Is ‘National Data Privacy Day’ that important?

By Julianne Spencer | Student Posts | January 24, 2018

The next “National Data Privacy Day” is this Monday January 28, and apparently is an international holiday that’s celebrated here in the U.S., but also in 50 other countries as well. More individuals, businesses, babies, and puppies are penetrating social networks than ever before, but in this rapid growth, raising awareness about privacy and data protection is one of the ways consumers are grappling with the fact that their data are used in ways unknown to them.

Data Privacy Day began in the U.S. in 2009 when the House of Representatives voted in favor of it with the intention of raising awareness about how businesses and individuals share their personal information online — with social networking and mobile devices at top of mind. As Big Data has become more relevant, and has revealed how quickly it can categorize and sort consumer data from mobile devices, consumers realize this goes beyond just compromising your credit card or bank account.

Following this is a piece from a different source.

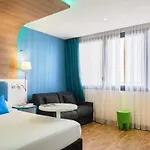 Ibis Styles Centre 몽뗄리마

Consumer data collected from online activity is being used and analyzed to determine psychological patterns, spending habits, political affiliations, and more of different people throughout the world.

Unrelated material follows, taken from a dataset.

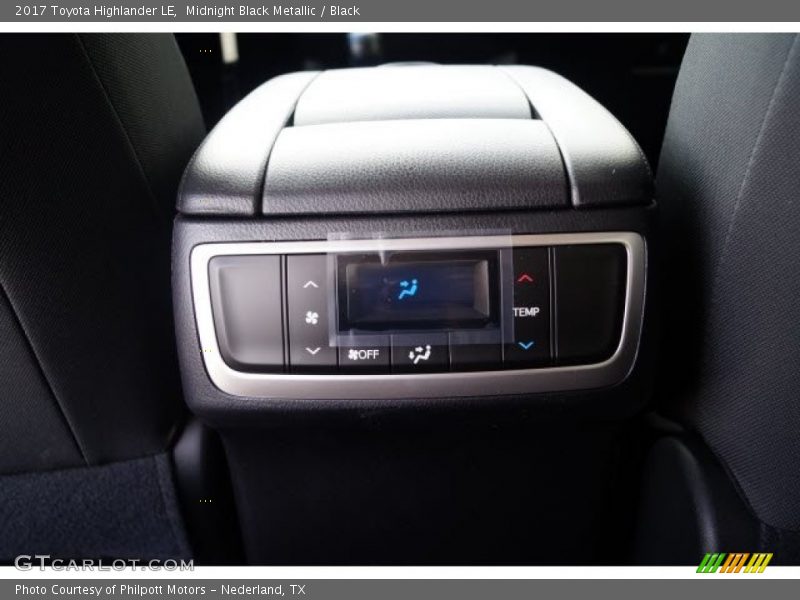 Midnight Black Metallic / Black 2017 Toyota Highlander LE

So what does this “international holiday” do? It reminds us that everything we share online and everything we’ve shared in the past is never truly erased, so be careful what you put out there. Even as legal firms push with the california consumer privacy act, or other legal protections, there is a need to be aware of your own data.

As David Markowitz, a Professor of Social Media Analytics at the University of Oregon, said on Tuesday, “Technology knows more about you than you know yourself.”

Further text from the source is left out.